Tag Archives: Web

News.com Leads Blog Communication

This is the coolest thing I’ve seen all year. Check out the HTML of this article I linked a few days ago. Notice anything at the top?

<link rel="pingback" href="http://tb.news.com/p2t.cgi/2100-1032-5368454" />

Houston, we have Pingback support! Let’s dig deeper:

<rdf:RDF xmlns:rdf="http://www.w3.org/1999/02/22-rdf-syntax-ns#"
xmlns:dc="http://purl.org/dc/elements/1.1/"
xmlns:trackback="http://madskills.com/public/xml/rss/module/trackback/">
<rdf:Description
rdf:about="http://news.com.com/2100-1032-5368454.html"
dc:title="Microsoft flip-flop may signal blog clog"
dc:identifier="http://news.com.com/2100-1032-5368454.html" />
trackback:ping="http://tb.news.com/tb.cgi/2100-1032-5368454"
</rdf:RDF>

Ugly as sin, but that’s trackback. It gets better…

A little URI hacking takes us to this page which lists all trackbacks and pingbacks the article recieved. How cool is that?

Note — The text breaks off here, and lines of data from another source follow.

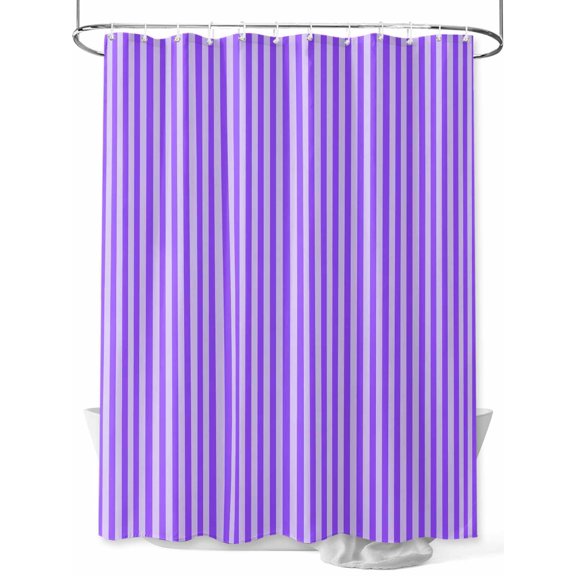Fsddascl Blue Purple Shower Curtain Set - 48" x 72" Washable Bathtub Curtain with 12 Hooks, Geometric Vertical Striped Solid Rainbow Waterproof Fabric Stall Shower Curtains for Bathroom/Bathtub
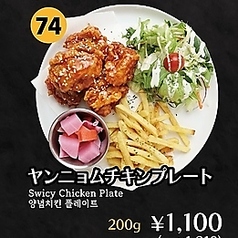 ヤンニョムチキンプレート 200g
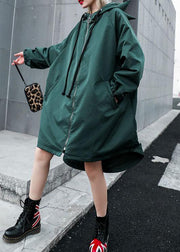 Women hooded Fine clothes green loose women coats fall - bagstylebliss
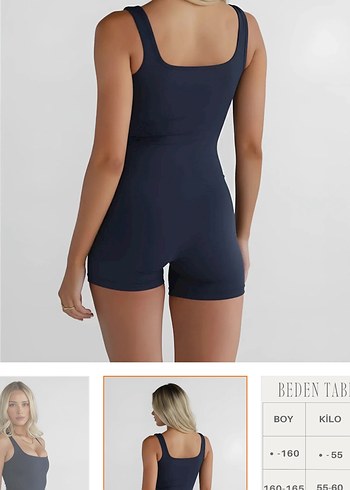 lacivert Kadın Mini Spor Tulum - Görsel 3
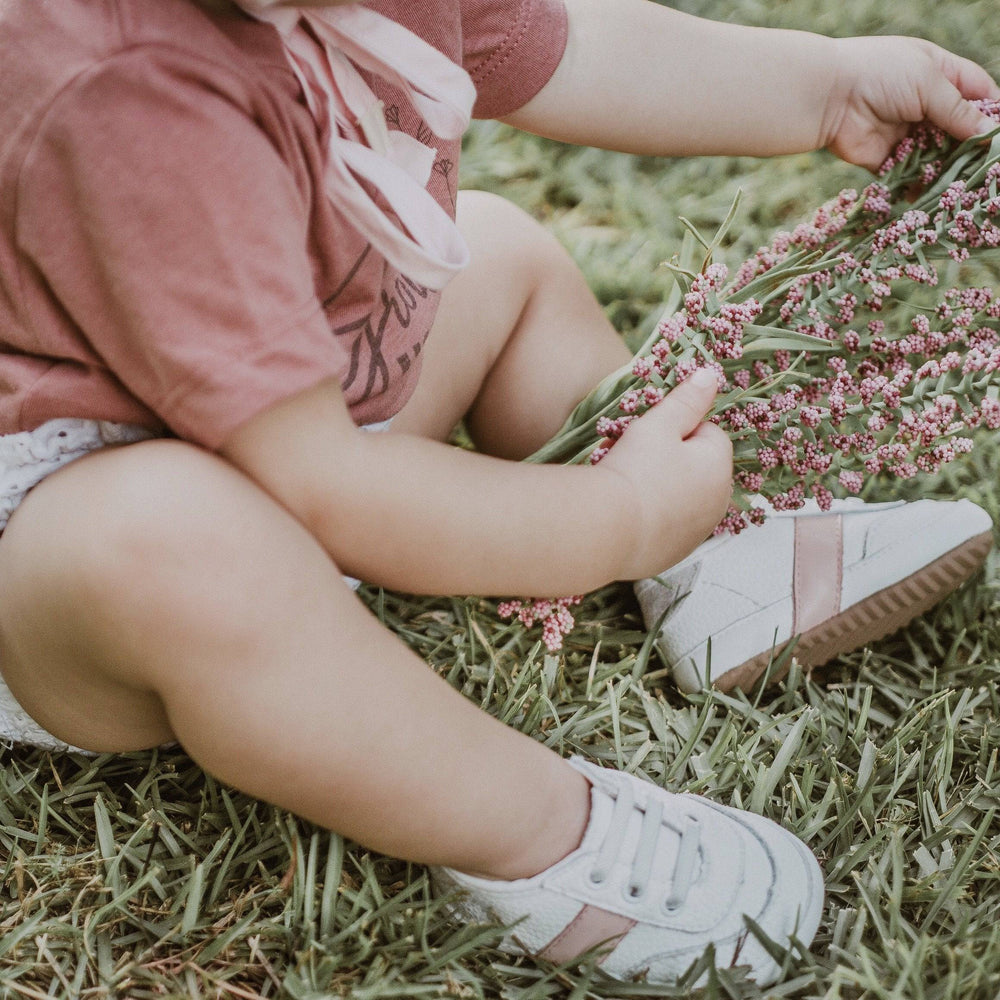 
                      
                        White and Pink Love Bug Sneaker Casual Shoe Little Love Bug Co.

It’s my understanding that even though they’ve had the trackback autodiscovery code for a while they’ve been recieving mostly pingbacks, which makes sense given that it’s more fully and elegantly automatic. It would be cool if they could add support for the nascent rel="trackback" discovery method and save themselves the trouble of the RDF hack. Hopefully spammers won’t exploit their trackback server too soon and they can support legacy systems that don’t implement Pingback yet.

The implications of this are fairly large. News.com is obviously bootstrapping code that will involve their readers with the blog conversation surrounding their articles. How long for other sites to catch up? Will they plug into Technorati or Pubsub next? As far as I know this is the first major media organization to implement Trackback and Pingback. The team at News.com should be commended for their effort and leadership in this area.

Bloggers Declare Bore

Online Journalism Review writes Bloggers Declare War on Comment Spam, but Can They Win? I’m not sure what that has to do with journalism, but they talk to the same old people and read the same old sites and (not surprisingly) come to the same old tired conclusions. I’m trying to figure it out because I like everyone the article refers to and the article itself is well-written, but it feels very contrived. I think it may be because it draws a lot from blog material a year or more old, and selectively, like the writer had an agenda and Googled until there were enough quotes to fill the space. For example Mark Pilgrim’s blog is called “comment-free” when the entry on the front page for the last three weeks clearly has comments. Is it too much to ask to look at the front page of a blog you’re quoting? The article talks about Blogger redirecting URIs but not about Blogger’s registration aspect. It talks about Typekey but not the PATRIOT act. (Totally kidding there.)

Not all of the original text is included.